Here she is, my S-Works, got it last Friday, and have been riding it all week. 

Please excuse the poor photography, I had to shut off my background lights, and I ended up with too much fall off. 










Now maybe I can keep up with Ben on the hills


----------



## ChilliConCarnage (Jun 1, 2006)

IcemanYQQ said:


> Please excuse the poor photography, I had to shut off my background lights, and I ended up with too much fall off.
> 
> Now maybe I can keep up with Ben on the hills


_*Very nice!*_

How are the wheels working out? Is there a weight limit on them (I'm not implying anything  I hope the white bartape works out - I know it's the "in" thing right now, but it gets dirty so fast...
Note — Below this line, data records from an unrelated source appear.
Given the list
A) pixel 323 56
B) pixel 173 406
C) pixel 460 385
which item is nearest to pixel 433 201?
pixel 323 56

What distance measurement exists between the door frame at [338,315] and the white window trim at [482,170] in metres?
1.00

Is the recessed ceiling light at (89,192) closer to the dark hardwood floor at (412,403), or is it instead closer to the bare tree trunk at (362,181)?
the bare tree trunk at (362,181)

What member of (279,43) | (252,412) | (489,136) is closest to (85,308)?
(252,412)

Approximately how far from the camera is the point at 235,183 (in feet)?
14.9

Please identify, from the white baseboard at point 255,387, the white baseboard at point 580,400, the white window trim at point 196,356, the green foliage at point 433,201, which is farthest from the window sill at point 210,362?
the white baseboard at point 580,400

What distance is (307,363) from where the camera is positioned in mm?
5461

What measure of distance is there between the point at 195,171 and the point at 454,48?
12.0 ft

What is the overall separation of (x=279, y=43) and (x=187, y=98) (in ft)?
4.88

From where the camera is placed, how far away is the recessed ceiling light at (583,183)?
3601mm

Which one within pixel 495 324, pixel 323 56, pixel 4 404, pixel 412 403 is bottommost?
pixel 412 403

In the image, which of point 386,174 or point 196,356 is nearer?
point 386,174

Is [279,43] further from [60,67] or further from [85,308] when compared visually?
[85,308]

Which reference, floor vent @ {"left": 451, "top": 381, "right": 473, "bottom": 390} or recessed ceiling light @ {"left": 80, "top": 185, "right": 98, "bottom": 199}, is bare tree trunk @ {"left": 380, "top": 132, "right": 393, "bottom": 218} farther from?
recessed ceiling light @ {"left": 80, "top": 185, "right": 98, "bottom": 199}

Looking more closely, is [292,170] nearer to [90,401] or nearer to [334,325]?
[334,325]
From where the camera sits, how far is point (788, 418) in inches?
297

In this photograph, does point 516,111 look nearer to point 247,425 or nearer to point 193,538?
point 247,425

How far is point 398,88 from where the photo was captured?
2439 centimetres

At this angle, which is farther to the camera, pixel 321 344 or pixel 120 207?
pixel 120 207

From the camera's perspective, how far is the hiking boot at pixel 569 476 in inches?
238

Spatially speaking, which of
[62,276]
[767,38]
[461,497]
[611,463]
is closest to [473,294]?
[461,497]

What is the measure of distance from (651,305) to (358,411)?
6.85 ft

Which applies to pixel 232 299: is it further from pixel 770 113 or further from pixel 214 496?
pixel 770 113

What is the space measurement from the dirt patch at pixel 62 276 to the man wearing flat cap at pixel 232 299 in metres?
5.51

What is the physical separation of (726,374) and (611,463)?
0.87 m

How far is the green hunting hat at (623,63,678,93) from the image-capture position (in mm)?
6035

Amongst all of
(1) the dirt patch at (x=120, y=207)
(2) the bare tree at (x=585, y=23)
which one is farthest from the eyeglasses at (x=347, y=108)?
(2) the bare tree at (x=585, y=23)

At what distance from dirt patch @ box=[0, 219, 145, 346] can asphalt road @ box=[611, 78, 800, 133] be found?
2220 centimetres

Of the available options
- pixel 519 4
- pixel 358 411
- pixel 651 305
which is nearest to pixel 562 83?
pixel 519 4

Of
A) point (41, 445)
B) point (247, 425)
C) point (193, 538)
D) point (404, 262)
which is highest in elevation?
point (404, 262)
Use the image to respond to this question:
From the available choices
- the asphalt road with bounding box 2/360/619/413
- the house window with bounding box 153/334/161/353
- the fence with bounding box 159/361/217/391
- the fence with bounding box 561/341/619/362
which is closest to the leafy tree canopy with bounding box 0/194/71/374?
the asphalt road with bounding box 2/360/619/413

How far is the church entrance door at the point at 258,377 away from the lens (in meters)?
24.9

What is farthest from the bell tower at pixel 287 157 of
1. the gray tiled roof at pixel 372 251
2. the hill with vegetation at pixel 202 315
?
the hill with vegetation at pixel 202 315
and poor photography from you of all people.... ? 

You need to organize a ride that some of us can come up to. I bet there's miles of pristine Island riding up your way?


----------



## IcemanYVR (Jul 27, 2006)

The wheels are great, I met a guy who uses them for CycloCross, he says they're bombproof. So far so good. Lightest clinchers I have ever ridden. 
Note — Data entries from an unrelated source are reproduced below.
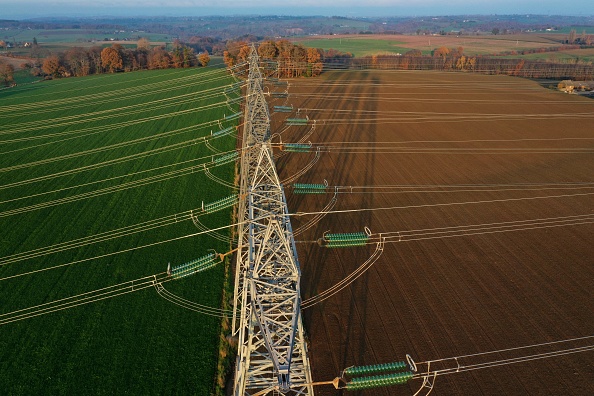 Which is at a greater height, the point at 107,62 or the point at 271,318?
the point at 107,62

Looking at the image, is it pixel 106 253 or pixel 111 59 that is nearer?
pixel 106 253

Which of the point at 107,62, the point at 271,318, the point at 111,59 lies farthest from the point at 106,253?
the point at 107,62

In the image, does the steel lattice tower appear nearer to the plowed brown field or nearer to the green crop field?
the plowed brown field

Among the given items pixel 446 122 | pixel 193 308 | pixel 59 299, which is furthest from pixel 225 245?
pixel 446 122

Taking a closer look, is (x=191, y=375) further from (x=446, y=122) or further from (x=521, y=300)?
(x=446, y=122)

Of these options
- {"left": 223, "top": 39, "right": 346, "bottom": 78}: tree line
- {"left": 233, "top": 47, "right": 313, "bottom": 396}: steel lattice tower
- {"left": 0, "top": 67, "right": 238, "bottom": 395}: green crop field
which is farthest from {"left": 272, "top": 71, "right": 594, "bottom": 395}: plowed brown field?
{"left": 223, "top": 39, "right": 346, "bottom": 78}: tree line

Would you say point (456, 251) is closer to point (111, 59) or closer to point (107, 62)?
point (111, 59)

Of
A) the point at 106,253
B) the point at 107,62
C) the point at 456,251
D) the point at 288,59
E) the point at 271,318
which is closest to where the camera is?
the point at 271,318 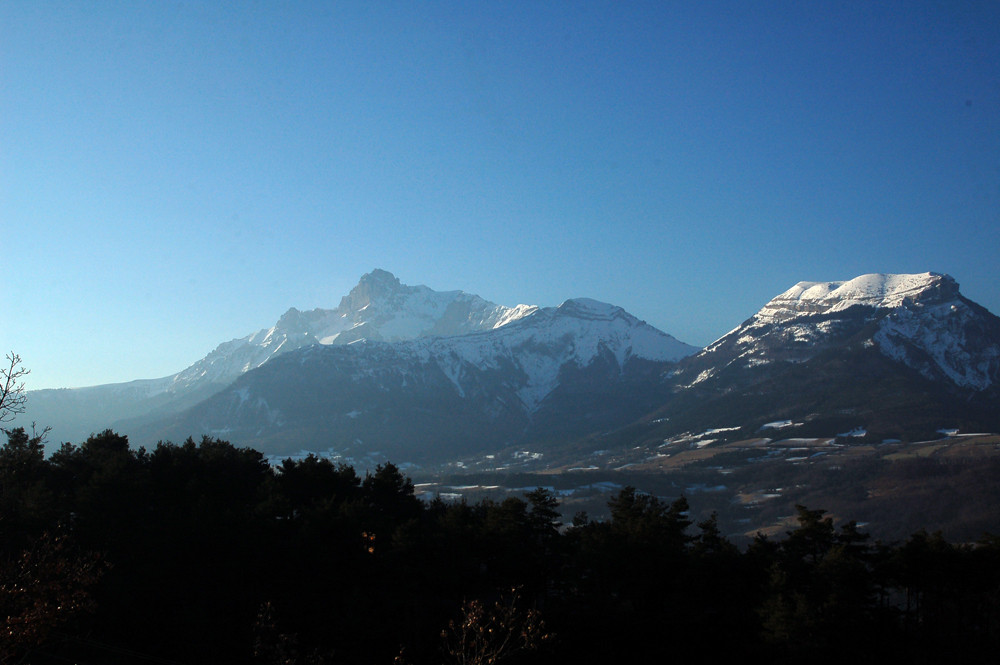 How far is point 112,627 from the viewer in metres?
48.0

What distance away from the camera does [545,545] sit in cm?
6675

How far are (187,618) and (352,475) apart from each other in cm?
3550

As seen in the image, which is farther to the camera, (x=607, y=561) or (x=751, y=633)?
(x=607, y=561)

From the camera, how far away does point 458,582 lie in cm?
5759

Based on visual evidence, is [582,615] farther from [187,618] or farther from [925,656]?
[187,618]

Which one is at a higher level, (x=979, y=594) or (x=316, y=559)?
(x=316, y=559)

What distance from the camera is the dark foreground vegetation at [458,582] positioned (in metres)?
49.7

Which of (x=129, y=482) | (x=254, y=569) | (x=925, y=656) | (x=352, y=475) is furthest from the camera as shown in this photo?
(x=352, y=475)

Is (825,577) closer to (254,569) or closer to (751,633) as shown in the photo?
(751,633)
It came with the white tape, so I just have to wear gloves. I'll see how long it lasts. If I get a month or two, then maybe I'll keep using white.

There's plenty of good riding, maybe we'll have to organize something for next year


----------



## Mellow Yellow (Sep 5, 2003)

Great pictures and write up! Maybe I'll join you folks out there soon


----------



## borregokid (Jun 9, 2005)

You missed a fun ride Mellow with a really great bunch of "fanatics." I love the pics especially the one of Sk2 off the bike. When the weather is cool and gray I will go back and take a look at the pics again. I just might be able to feel the warmth of September.


----------